The Ministry of Education yesterday reminded universities that members of examination committees for master’s degrees should be appointed based on academic professionalism and peer consensus.
The statement was issued after the Taiwan Statebuilding Party questioned the qualifications of examination committee members who had evaluated the master’s thesis of Kaohsiung City Councilor Lee Ya-ching (李雅靜) of the Chinese Nationalist Party (KMT).
The Taiwan Statebuilding Party’s Kaohsiung chapter on Saturday wrote on Facebook that late KMT Kaohsiung City Council speaker Hsu Kun-yuan (許崑源) and former KMT legislator Ho Tsai-feng (侯彩鳳) were members of the committee that examined Lee’s thesis at National Sun Yat-sen University’s Institute of Public Affairs Management.

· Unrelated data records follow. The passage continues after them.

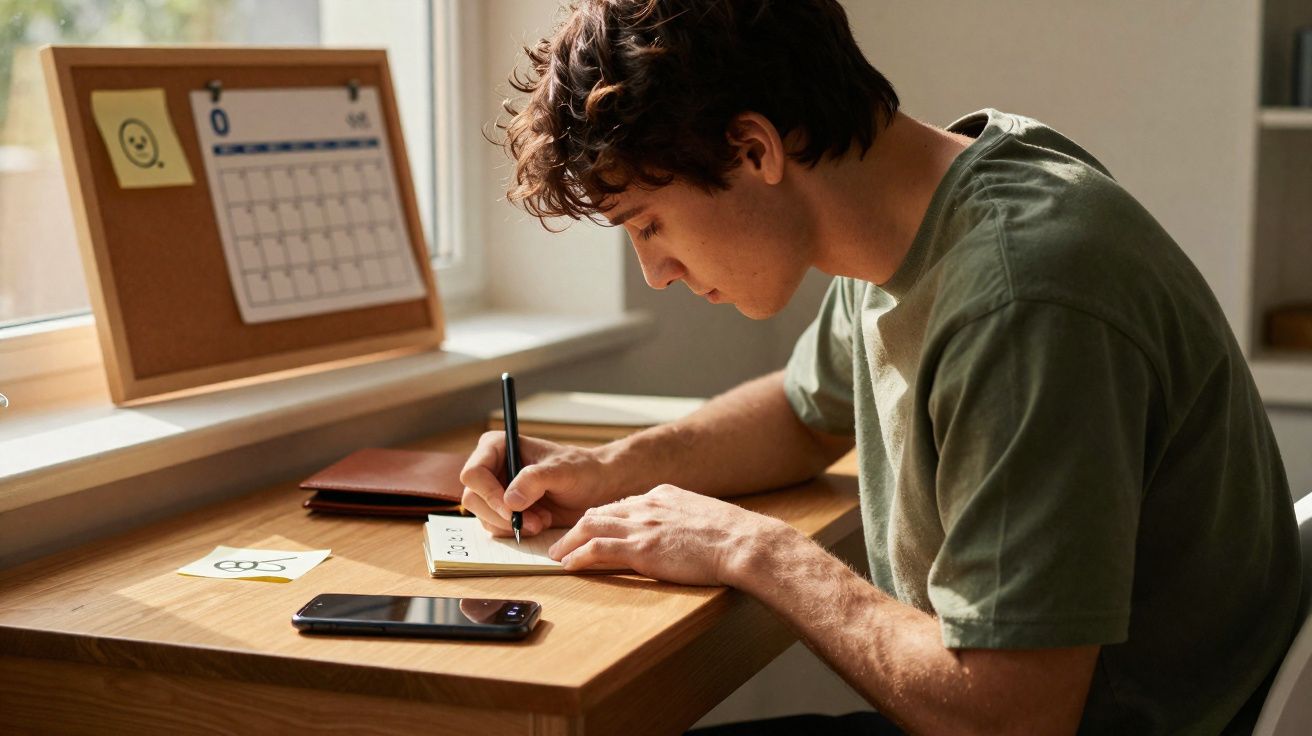 Jovem sentado a escrever num caderno numa secretária de madeira junto a uma janela iluminada pela luz natural.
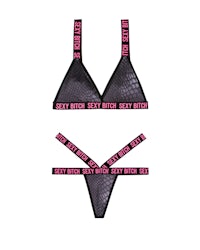 a pair of thongs with the words sexy sexy sexy sexy sex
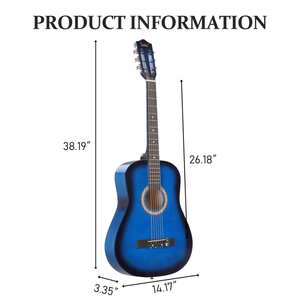 Guitarra acústica azul de 38 pulgadas con púas, cuerdas, capo, estuche, afinador y correa - Product Image 4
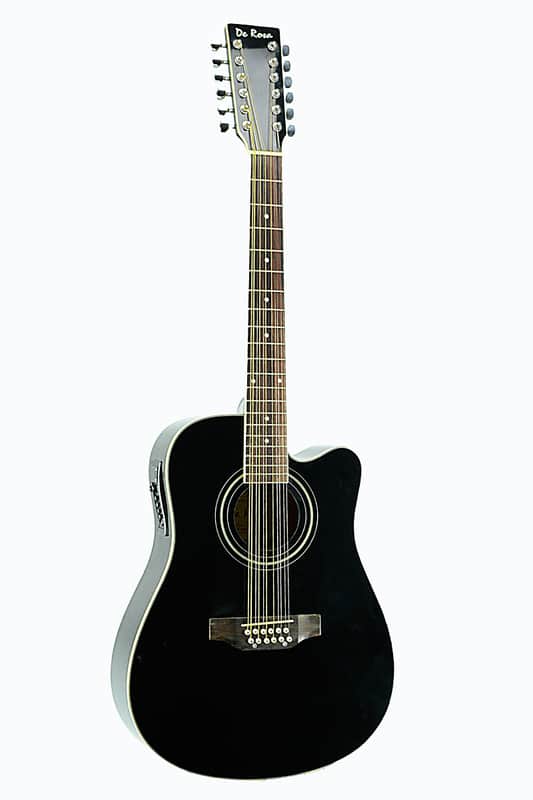De Rosa GACE41-AW12-BK Spruce Top Mahogany Neck 12-String Acoustic-Electric Guitar w/Gig Bag & Picks image 1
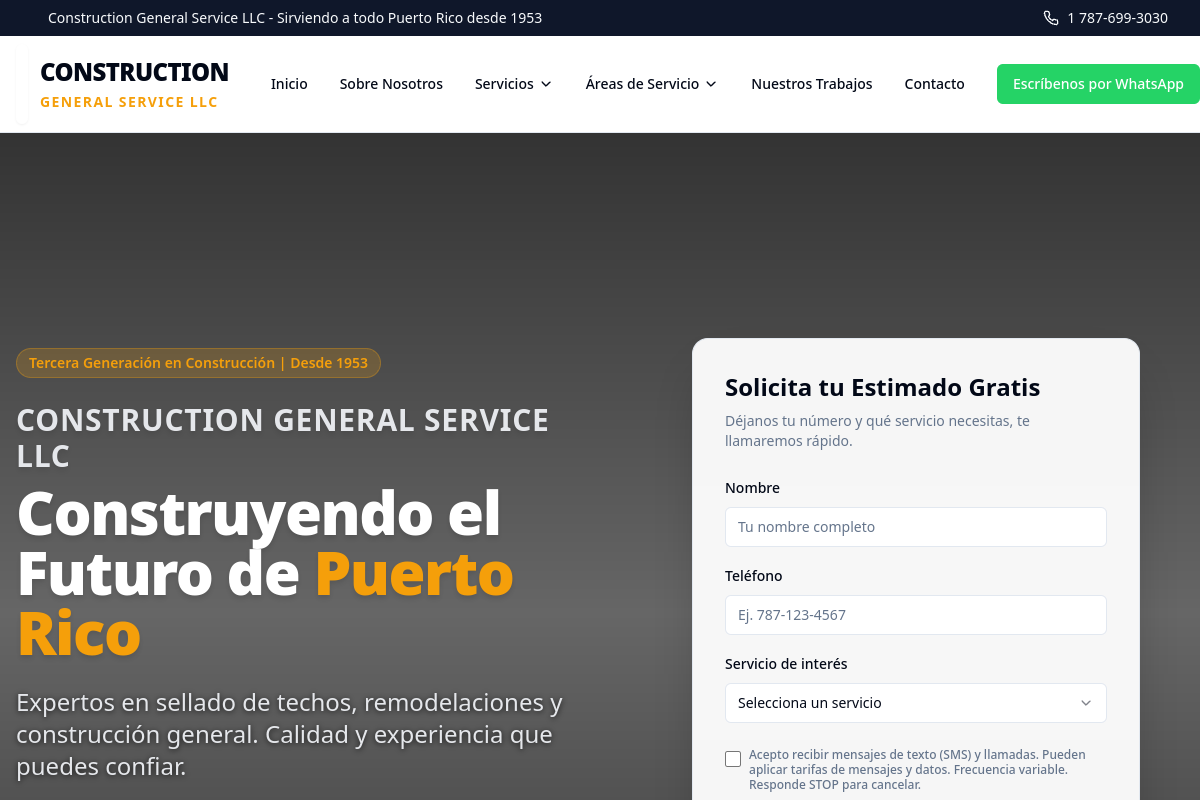 Captura del sitio web de Bilongo Construction, Contratista · Construcción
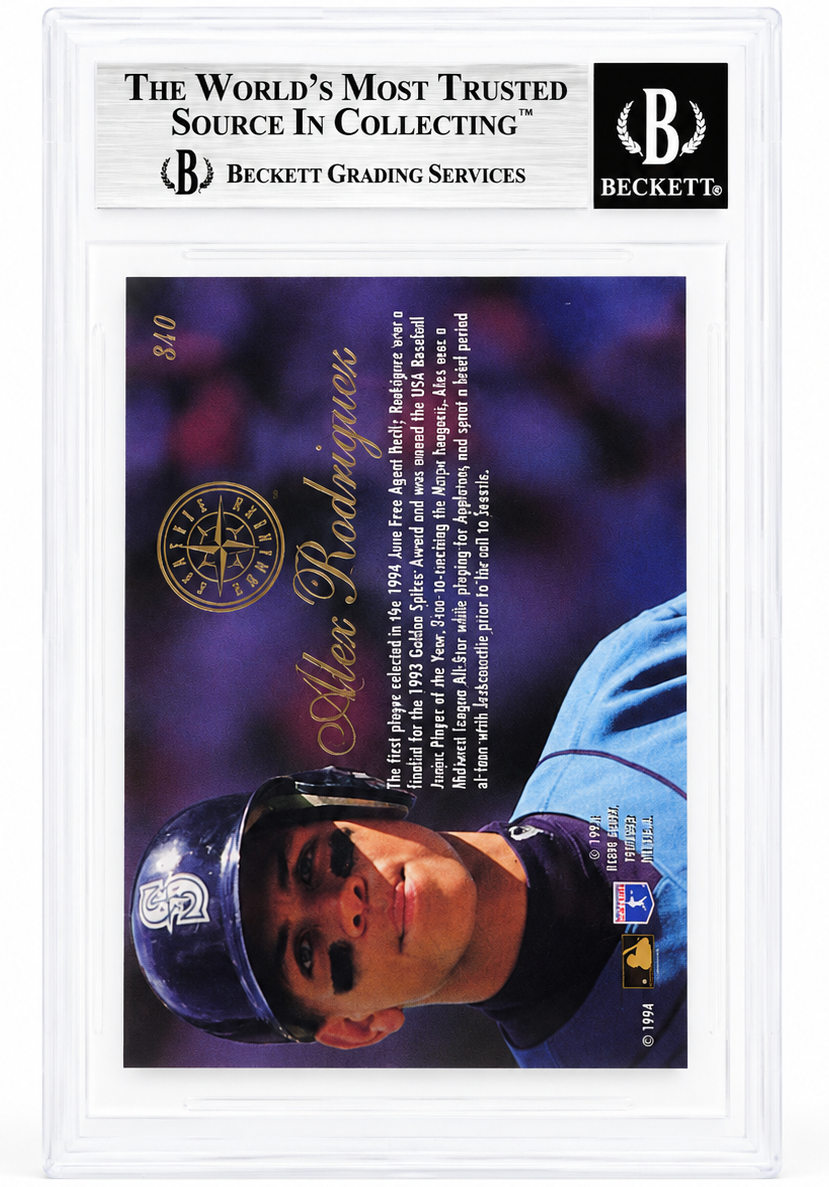 Alex Rodriguez Autographed Signed Mariners 1994 Flair Rookie Card Beckett BAS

Photo: Rachel Lin, Taipei Times
The ministry yesterday cited Article 8 of the Degree Conferral Act (學位授予法), which states that members of master’s degree examination committees must “have done specialized study in the research field of the student” and meet one of four qualifications.
These qualifications are being a current or former professor, associate professor or assistant professor; being an academician at Academia Sinica, or a current or former Academia Sinica research fellow, associate research fellow or assistant research fellow; having a doctoral degree and significant academic accomplishments; or having expertise in a rare or highly specialized research field or professional practice, and significant accomplishments academically or professionally.
The criteria for determining the third and fourth qualifications should be set at a department, graduate institute or college affairs meeting or at a degree program affairs meeting, the ministry said.
Committee members who meet the third or fourth qualification should be appointed carefully, with academic professionalism and peer consensus, to avoid harming the quality of higher education and university autonomy, it said.
Chang Po-yang (張博洋), deputy director of the Taiwan Statebuilding Party’s news department, yesterday said that Ho’s and Hsu’s educational backgrounds fell short of the act’s appointment criteria, and the university and Lee should provide an explanation.
Kaohsiung’s residents cannot accept local factions intervening in university autonomy and academic ethics, he said, calling on the ministry to investigate.
The university yesterday released its enforcement rules for master’s degree examinations, which include the same qualifications for examination committee members as the Degree Conferral Act.
Hsu and Ho should be considered to have fulfilled the fourth qualification, the university said, adding that it would offer details at a later time.
The incident concerning Lee is the latest controversy over the graduate thesis of an elected official after allegations of plagiarism against Kaohsiung City Councilor and KMT Kaohsiung mayoral by-election candidate Jane Lee (李眉蓁) first surfaced last week.
Amid mounting accusations that she had plagiarized her thesis, Jane Lee on Thursday said she would give up her master’s degree.